» **LISTED RECORDS**
--*--

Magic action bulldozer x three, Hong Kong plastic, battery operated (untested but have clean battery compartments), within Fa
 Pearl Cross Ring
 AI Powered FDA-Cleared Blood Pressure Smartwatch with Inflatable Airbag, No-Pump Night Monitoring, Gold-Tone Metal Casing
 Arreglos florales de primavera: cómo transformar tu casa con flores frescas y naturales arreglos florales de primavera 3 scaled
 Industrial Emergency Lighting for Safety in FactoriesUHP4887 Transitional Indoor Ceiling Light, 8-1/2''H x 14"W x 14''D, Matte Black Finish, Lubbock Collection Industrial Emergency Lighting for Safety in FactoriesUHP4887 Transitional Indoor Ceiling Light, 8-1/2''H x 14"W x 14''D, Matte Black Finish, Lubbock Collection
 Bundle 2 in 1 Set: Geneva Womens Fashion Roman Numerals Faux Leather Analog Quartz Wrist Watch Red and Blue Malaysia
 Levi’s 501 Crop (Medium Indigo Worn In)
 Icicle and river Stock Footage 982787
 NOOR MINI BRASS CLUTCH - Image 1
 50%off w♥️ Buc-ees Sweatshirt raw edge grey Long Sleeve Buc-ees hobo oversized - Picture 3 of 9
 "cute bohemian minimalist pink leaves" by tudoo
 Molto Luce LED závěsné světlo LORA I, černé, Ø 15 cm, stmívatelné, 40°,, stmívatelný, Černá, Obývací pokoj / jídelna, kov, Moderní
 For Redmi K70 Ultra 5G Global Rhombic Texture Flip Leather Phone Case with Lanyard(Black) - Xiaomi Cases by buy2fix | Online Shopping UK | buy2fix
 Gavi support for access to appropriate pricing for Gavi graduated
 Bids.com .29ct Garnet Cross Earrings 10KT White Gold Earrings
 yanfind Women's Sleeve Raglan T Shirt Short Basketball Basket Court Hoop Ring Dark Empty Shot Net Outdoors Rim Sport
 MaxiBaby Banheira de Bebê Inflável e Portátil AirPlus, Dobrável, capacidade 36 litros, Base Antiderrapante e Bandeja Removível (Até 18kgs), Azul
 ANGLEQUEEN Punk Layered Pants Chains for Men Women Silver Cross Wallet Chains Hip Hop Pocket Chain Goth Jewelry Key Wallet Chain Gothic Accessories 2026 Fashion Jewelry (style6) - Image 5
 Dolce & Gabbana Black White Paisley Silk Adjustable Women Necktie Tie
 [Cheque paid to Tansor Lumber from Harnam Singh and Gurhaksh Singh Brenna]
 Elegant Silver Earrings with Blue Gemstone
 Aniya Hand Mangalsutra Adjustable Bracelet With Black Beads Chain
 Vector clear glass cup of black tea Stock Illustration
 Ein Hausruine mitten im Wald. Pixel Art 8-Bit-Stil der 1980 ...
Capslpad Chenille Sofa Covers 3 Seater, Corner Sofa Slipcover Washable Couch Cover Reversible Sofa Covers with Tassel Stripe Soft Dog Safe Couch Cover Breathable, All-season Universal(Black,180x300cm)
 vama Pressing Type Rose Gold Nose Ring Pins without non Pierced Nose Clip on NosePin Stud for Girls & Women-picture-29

--*--

» **WORK TO BE COMPLETED**
Report how many lines in the data above contain "Silver", without any other words.

» **SOLUTION TO THE EXERCISE**
2